2. Restructuring of the tax EBITDA

The interest overhang is only immediately deductible in the amount of 30% of the tax EBITDA. Thus, an increase in the deduction volume for the interest overhang incurred in the fiscal year can be achieved via a targeted increase in the tax EBITDA.

Disclosure of hidden reserves

The simplest way to increase the tax EBITDA is to dispose of assets by disclosing hidden reserves. As a one-off effect, this generates taxable extraordinary income, which increases the relevant profit of the business and, thus, the deduction volume, i.e. the tax EBITDA. Additional tax optimization is possible here for those taxpayers who can offset existing loss carryforwards, which may be in danger of being lost, against the corresponding capital gains.

Particularly in the case of non-capitalized intangible assets (e.g. patents created in-house), a sale and lease (license) back would be an effective means of achieving this objective while safeguarding the interests of the company. The associated improvement in the equity ratio is a further effect that can be used for tax purposes, possibly for the equity escape clause.

Change in the corporate or group structure

Company or group restructurings are also suitable for increasing the share of deductible interest expenses, whereby restructurings are carried out as far as possible by way of tax-neutral reorganizations under application of the Reorganization Tax Act (Umgründungssteuergesetz – UmgrStG). For example, the contribution of profitable businesses enables an increase in the taxable EBITDA of companies for which the use of the tax allowance is no longer open due to exceeding the EUR 3 million tax allowance.

TPA Tip: Restructurings could possibly be used to reallocate previously unused interest and EBITDA carry-forwards to companies.
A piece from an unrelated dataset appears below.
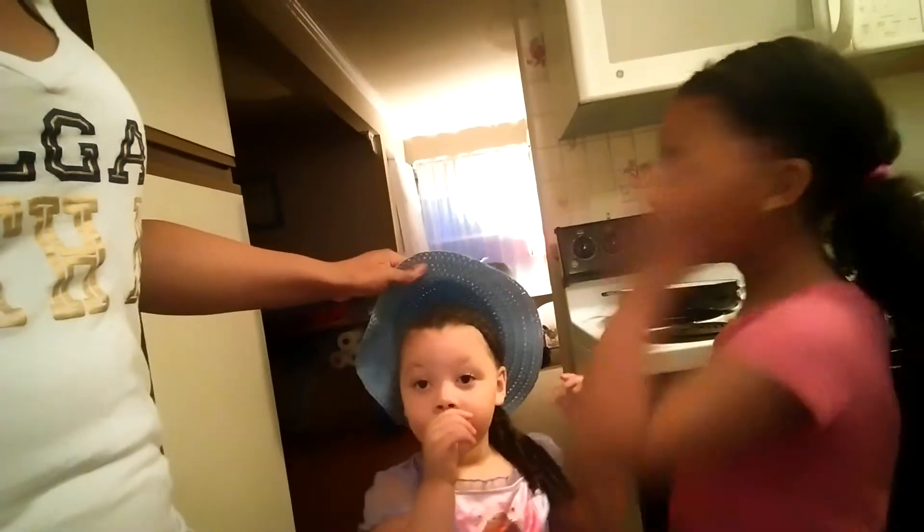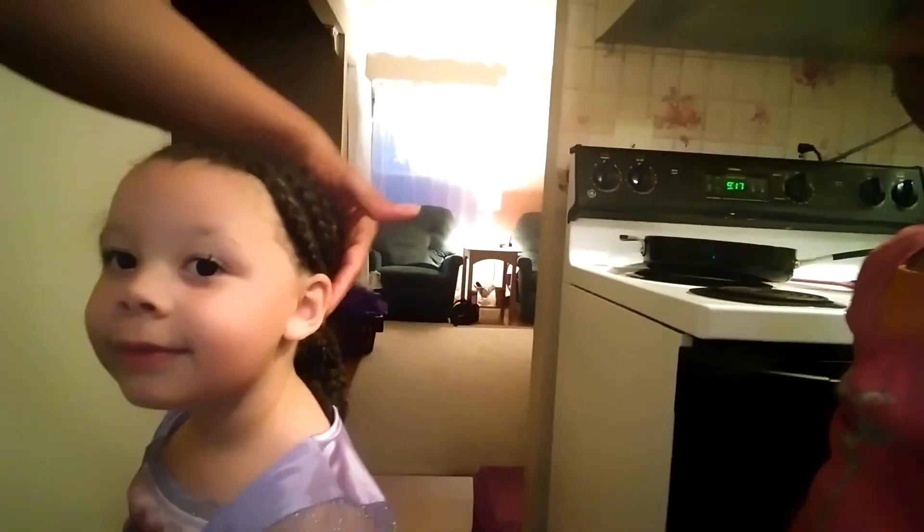This is a cute hairstyle — a girl tagged me in it earlier today and I just did it on the girls' hair. There are three cornrows on the side, just like that, and then I wrapped and kept it braided all the way down. I can actually pull one out — you can see it's braided all the way down, and then I just put it into a side ponytail. And then I just finger curled these curls right here.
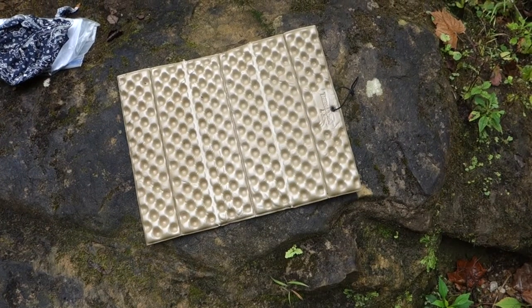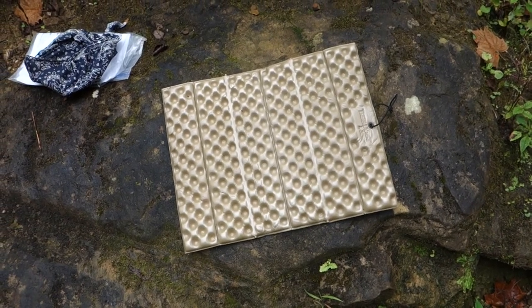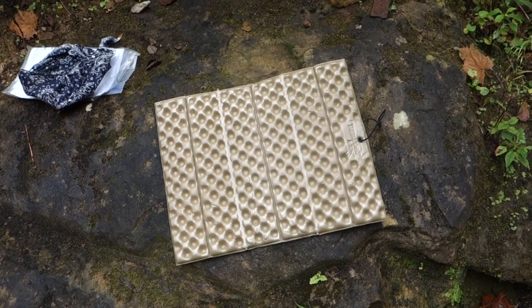Get you a Therm-a-Rest Z-Seat — they're super versatile, super handy, can't recommend it enough. And that is my other gear review on the trail.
3. Better use of the tax allowance

The interest barrier does not apply insofar as the total interest overhang of the company in question does not reach the exemption amount of EUR 3 million. The starting point for optimization could therefore be an improved utilization of the allowance:

Splitting of acquisition transactions

Debt-financed acquisitions of a certain size can easily lead to the acquirer exceeding the exemption amount. A “multiplication” of the exemption amount can be achieved in suitable cases by splitting the acquisition and debt financing, and thus also the interest overhang, among several acquisition companies, whose interest overhang in each case remains below the exemption amount of EUR 3 million.


Restructurings can serve to multiply the tax allowance of EUR 3 million by “fanning out” a business through a spin-off/contribution of partial businesses into several separate legal entities. The respective tax advantages and disadvantages, e.g. with regard to the continuation or elimination of existing loss and interest carryforwards, must of course be carefully examined in advance of such reorganizations.

Spin-off from corporate groups

In order to be able to make use of an additional tax allowance of EUR 3 million in each case in tax groups of companies, it may make sense to have individual group members leave the existing group of companies in good time before the end of the fiscal year. Attention should be paid to the contractual provisions of the group contribution agreement and the consequences of the dissolution.


In summary, it can be said that the interest deduction potential can in any case be optimized in the group in the future despite the interest barrier. Of course, as the individual points show, this always involves more or less far-reaching business decisions, so that a large number of factors must be taken into account when making optimization decisions.